Do you ever get tired of smelling bread when it’s just been baked and it comes out of the oven early in the morning, even if it’s the same old recipe? Water doesn’t get tired of being water; the sun doesn’t get tired of being the sun. It’s the ego that gets bored. That’s when I have to tell my ego, “I’m in charge here, not you.” If the ego gets to be in charge, everything will be old, or it will have a date stamp on it. So I have to tell myself, “No. I’m not afraid to play ‘Black Magic Woman’ or ‘Oye Como Va’ and make it new again.”
Great music has no expiration date. In the ’70s I was starting to feel that some of the music on the radio was becoming very disposable—and that feeling never went away. I call songs that come and go sound bites—they’re like meaningless quotes on the nightly news. How can you get meaning or timelessness or elegance from a sound bite? To me, a sound bite is the opposite of a “memorable forever.” “Light My Fire” by the Doors—that’s not a sound bite. “No Woman No Cry” and “Exodus” by Bob Marley—those are memorable forevers.
In the ’70s we had the Bee Gees and Tony Orlando.

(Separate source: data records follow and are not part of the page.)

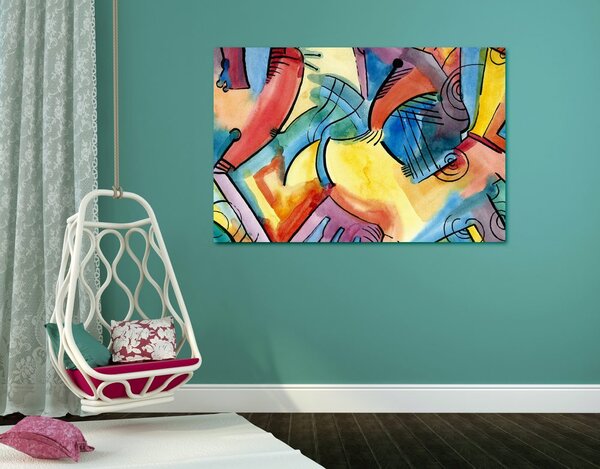 Tablou artă abstractă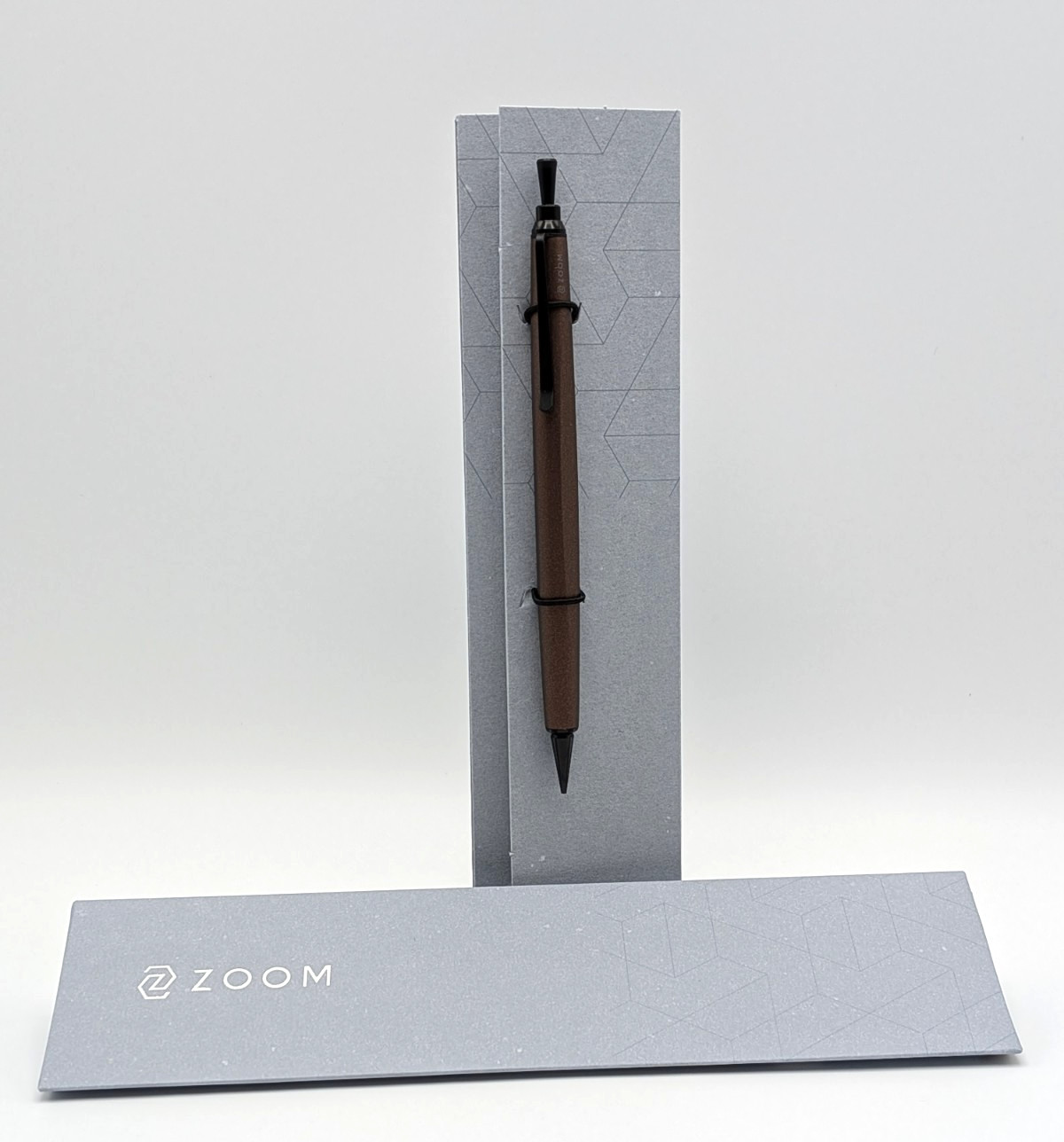 Tombow ZOOM L2 Mechanical Pencil 0.5mm Brown SH-ZL2C59 Japan
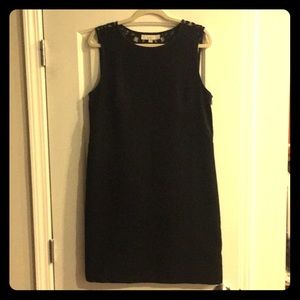 Classic black dress.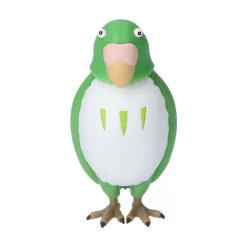 Hot Maison Ghibli Bobble Head Figurine Green Parakeet - The Boy And The Heron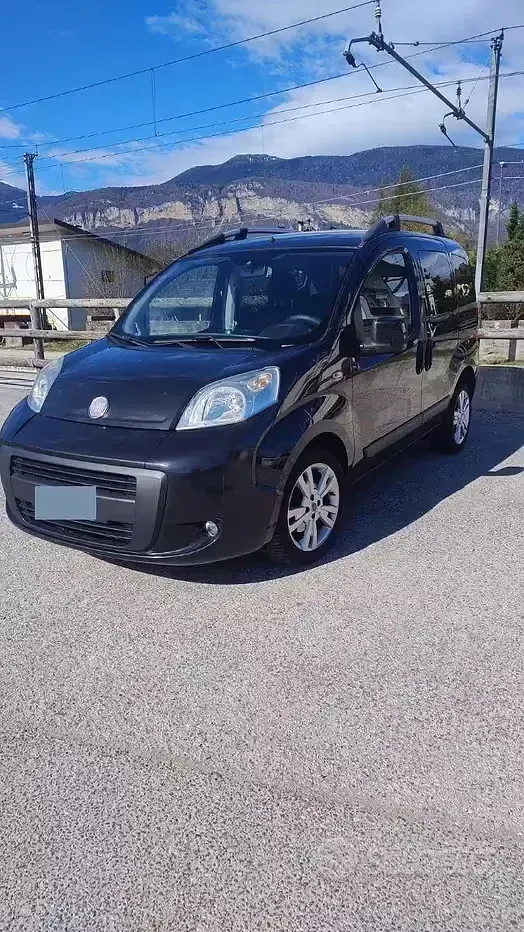 Usata Fiat Fiorino Trekking 77 CV (56 kW) 2011 Nero Monovolume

Disco and punk. People were glorifying the Ramones and the Sex Pistols, and I was telling myself, “Okay, let me look at the energy.” I felt it—it was valid. At the same time, Jaco Pastorius and Tony Williams—that was punk to me. My point is that no matter how intense it might be, I don’t know any punk music that’s more intense than Tony Williams Lifetime.
What was really happening for me back then? Marvin Gaye and Al Green. I think there will always be a time and a place when I’ll listen to Led Zeppelin or AC/DC and love it. But when I really need to replenish myself—when I feel I’ve been under water too long, and I need to come up for air—it’s always going to be Coltrane or Miles.
At the end of the ’70s I would not allow myself to think that some other music was “happening” and my music was old hat. But when I read interviews I did for Creem or Rolling Stone, my values seem like they were from another generation. In a sense they were: the ’60s was, “Let’s change the world.” You hear it in the music—let’s help people, and let’s be gentle. Let’s be this kind of people—kind people. It was a consciousness of healing.
Bob Marley was the heart and conscience and soul of the ’70s. No question about it. I think he is the most important artist of the ’70s. When everything was going disco or discord, he was the glue that made music meaningful. His was music with a purpose, to spread the Rastafarian mission of oneness—I and I—which was no different from the philosophy of claiming your own light, which Sri was talking about. “One Love,” “A Love Supreme”—I don’t get tired of saying those two back to back. Bob Marley had purpose, and his music had beauty and movement and sex and truth.
I started listening to Jimmy Cliff and The Harder They Come back in ’73, and then I got interested in music from Trinidad and Brazil. Do that and you’ll start to hear all the sounds that came from Africa, you know? But I’d come back to thinking, “What is this music from Jamaica? Okay, reggae. First they called it calypso; now it’s roots reggae.”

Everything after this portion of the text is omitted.